Return each line of the records below that contains the word "Gold".

*** Opening DATASET EXCERPTS ***

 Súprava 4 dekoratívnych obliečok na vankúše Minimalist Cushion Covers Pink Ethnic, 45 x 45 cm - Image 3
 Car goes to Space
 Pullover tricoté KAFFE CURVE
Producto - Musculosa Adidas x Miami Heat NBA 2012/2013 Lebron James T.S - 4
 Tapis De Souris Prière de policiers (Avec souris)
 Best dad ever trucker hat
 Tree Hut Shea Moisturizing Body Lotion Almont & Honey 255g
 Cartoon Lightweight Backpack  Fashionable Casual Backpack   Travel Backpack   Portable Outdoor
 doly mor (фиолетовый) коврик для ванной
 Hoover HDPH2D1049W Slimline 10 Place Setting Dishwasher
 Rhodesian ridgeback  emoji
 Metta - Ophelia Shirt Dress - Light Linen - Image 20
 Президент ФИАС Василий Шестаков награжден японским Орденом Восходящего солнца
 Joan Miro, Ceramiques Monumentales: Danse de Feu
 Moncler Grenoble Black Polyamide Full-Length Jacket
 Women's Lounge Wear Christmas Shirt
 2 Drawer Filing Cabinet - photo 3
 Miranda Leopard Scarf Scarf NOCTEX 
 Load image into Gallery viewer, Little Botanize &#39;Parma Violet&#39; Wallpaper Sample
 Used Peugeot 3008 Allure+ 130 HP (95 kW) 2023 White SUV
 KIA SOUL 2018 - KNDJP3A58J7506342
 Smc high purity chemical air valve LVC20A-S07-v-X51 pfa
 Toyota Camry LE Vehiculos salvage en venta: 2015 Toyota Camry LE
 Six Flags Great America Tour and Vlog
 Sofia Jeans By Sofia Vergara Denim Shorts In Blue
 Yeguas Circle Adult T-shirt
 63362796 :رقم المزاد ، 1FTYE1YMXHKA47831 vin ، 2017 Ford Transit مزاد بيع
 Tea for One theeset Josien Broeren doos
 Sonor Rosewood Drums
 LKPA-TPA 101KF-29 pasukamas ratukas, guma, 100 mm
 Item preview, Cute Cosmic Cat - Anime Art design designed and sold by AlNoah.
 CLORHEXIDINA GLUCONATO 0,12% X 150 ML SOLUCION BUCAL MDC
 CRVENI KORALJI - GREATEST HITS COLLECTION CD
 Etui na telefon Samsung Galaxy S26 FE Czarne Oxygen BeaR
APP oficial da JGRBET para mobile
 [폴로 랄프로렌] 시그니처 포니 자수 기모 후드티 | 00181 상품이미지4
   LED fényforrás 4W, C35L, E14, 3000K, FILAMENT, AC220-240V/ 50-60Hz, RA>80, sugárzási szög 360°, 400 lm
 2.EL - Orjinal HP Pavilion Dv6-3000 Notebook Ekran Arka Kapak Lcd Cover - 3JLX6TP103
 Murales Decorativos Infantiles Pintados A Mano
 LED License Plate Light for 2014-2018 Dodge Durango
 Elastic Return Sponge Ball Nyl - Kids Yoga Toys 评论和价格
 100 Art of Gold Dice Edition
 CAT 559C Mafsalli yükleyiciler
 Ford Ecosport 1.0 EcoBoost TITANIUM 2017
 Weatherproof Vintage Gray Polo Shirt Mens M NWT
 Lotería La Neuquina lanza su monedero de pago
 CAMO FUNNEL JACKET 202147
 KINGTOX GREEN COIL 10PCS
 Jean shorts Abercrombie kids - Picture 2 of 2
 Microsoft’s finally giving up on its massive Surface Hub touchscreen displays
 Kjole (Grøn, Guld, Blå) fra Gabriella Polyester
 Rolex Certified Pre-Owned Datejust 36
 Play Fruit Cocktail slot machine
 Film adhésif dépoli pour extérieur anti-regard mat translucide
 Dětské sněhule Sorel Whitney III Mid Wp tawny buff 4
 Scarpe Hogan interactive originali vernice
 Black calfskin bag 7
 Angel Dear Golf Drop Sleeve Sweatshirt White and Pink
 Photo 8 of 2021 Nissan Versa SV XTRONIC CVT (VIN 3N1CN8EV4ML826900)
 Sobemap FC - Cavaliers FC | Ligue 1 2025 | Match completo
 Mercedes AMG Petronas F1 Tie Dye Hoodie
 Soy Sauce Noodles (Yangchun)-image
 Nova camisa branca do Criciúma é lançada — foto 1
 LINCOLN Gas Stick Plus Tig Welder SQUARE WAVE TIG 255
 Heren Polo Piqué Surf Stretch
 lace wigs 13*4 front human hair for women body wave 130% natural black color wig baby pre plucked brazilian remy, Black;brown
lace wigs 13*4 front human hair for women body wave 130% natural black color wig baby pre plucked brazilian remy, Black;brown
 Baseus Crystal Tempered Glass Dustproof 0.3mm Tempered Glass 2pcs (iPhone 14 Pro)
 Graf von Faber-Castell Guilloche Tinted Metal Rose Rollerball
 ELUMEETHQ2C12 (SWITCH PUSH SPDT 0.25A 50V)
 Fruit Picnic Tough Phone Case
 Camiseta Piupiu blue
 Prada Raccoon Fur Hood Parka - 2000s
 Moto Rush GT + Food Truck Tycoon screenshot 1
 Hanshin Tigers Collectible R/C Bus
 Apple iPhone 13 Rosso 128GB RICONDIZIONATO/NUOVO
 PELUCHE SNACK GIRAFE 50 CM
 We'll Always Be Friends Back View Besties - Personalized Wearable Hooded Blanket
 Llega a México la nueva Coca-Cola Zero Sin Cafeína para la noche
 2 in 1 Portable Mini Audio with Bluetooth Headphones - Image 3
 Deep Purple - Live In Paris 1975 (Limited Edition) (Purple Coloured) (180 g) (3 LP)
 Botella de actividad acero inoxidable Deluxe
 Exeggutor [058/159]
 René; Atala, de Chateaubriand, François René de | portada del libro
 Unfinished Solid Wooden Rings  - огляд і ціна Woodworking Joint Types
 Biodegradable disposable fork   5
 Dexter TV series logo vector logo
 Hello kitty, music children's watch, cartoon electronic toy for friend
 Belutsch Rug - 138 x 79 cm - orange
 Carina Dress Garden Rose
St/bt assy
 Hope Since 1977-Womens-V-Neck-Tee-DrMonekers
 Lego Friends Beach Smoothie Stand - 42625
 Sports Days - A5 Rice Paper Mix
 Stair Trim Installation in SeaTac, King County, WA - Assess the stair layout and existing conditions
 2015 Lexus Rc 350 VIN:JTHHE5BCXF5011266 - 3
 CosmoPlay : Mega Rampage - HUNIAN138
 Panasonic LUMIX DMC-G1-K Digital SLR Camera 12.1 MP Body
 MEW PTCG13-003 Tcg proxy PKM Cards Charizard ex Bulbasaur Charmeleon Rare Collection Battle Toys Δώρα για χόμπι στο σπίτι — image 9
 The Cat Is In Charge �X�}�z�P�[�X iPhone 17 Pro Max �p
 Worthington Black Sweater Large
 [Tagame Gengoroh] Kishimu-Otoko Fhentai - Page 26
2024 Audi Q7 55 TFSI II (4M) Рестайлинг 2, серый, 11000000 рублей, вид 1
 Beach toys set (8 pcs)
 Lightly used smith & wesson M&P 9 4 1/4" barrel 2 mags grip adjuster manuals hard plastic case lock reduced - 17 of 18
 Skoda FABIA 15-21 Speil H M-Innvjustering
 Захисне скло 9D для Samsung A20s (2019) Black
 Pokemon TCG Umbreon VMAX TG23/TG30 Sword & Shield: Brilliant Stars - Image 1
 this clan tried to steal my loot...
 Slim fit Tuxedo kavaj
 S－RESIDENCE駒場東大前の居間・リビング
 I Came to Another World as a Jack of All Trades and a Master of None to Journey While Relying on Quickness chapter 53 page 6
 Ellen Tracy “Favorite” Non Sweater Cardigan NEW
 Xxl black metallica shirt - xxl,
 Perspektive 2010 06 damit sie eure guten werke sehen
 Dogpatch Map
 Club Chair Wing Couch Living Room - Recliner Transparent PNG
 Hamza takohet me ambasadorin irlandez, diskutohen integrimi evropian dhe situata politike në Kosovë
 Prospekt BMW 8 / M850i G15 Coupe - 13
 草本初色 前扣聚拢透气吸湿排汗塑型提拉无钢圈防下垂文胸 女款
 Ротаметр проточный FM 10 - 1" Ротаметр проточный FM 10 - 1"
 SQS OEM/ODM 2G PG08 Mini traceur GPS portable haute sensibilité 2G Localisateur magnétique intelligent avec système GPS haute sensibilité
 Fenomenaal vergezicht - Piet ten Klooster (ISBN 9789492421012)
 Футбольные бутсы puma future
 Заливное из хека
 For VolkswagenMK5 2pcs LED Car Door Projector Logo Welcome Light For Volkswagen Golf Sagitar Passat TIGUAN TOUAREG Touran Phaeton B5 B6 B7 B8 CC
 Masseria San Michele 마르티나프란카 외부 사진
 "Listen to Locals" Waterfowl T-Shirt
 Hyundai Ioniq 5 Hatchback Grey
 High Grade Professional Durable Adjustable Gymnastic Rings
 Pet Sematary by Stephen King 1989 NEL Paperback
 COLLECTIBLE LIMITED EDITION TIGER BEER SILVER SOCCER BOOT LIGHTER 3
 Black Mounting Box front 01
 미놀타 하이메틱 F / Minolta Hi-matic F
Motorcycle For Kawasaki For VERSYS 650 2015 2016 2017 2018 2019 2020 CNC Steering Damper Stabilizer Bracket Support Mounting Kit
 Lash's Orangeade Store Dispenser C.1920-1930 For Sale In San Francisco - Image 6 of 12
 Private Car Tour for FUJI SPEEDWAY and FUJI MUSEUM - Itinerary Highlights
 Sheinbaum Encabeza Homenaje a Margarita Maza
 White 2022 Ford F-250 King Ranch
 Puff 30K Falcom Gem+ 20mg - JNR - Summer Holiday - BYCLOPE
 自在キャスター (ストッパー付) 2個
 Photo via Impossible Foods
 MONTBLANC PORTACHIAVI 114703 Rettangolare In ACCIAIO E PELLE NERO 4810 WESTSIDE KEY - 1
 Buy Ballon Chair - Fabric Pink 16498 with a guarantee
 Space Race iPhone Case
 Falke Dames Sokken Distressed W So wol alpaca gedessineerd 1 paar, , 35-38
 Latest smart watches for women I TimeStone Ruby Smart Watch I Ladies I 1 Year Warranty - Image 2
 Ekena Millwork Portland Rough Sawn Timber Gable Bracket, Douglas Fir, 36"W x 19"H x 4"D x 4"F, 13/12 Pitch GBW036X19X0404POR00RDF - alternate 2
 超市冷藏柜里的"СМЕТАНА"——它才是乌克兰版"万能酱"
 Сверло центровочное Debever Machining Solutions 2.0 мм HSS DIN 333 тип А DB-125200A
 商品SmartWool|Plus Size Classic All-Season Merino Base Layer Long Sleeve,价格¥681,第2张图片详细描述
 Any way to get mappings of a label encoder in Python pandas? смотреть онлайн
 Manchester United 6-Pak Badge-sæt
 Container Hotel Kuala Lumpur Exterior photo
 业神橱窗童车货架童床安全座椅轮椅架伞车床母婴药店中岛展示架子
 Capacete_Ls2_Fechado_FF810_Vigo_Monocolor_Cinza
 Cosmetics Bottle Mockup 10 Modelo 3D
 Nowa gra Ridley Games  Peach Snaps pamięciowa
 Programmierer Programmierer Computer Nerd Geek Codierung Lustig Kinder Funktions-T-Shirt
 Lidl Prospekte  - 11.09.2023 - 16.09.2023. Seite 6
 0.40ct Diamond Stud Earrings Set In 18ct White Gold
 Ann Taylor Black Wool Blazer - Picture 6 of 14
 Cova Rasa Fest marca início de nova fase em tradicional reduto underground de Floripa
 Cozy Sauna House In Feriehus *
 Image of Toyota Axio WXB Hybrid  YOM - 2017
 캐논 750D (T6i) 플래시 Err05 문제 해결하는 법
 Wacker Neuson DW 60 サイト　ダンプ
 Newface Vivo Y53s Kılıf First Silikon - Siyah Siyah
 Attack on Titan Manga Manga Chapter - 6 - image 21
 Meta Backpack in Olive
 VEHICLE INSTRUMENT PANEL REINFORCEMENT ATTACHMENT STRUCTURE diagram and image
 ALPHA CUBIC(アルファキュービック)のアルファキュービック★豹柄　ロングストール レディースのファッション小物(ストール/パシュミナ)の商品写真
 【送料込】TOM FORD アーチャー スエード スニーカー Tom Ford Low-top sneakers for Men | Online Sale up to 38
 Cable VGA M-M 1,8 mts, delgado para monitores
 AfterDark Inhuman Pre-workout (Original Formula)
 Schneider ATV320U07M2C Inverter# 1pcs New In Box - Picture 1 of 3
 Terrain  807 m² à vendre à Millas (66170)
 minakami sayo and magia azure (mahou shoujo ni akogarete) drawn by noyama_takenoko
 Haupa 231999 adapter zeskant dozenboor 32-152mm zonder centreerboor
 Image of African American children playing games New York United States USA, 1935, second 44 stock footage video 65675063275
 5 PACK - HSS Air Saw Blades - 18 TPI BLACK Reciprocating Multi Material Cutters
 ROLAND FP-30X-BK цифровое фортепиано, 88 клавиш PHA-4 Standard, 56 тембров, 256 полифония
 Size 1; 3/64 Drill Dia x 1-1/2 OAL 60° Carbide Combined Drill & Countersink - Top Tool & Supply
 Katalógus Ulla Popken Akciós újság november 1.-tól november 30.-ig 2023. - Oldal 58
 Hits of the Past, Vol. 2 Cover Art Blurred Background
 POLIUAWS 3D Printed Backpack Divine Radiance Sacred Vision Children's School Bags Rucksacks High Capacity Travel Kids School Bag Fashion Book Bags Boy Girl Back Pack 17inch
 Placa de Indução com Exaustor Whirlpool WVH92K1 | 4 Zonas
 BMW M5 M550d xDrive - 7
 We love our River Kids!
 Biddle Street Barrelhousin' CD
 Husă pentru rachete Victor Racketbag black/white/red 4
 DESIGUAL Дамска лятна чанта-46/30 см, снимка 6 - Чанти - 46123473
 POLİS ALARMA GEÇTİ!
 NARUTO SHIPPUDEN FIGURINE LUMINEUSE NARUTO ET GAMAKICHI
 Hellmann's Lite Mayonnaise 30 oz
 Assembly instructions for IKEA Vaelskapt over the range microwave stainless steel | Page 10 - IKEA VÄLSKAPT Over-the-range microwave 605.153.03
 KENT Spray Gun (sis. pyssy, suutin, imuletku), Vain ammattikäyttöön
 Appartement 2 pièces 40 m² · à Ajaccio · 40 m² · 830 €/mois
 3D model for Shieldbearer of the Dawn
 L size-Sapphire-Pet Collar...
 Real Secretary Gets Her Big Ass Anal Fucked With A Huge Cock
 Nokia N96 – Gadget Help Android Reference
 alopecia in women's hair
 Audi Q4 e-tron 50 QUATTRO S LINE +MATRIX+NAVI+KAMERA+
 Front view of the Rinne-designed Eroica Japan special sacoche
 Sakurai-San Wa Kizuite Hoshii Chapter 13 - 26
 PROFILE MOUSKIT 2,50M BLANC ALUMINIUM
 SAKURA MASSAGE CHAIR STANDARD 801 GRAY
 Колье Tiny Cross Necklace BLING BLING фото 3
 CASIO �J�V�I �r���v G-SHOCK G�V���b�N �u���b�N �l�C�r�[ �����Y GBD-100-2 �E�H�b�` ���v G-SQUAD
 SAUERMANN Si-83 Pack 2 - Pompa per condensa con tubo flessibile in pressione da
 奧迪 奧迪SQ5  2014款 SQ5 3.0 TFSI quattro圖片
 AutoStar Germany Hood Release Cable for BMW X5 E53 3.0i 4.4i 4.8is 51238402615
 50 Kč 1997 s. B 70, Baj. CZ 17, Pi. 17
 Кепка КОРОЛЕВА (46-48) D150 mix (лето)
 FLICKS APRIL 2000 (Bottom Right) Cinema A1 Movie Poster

*** Closing DATASET EXCERPTS ***

| SOLUTION TO THE PROBLEM |
 100 Art of Gold Dice Edition
 0.40ct Diamond Stud Earrings Set In 18ct White Gold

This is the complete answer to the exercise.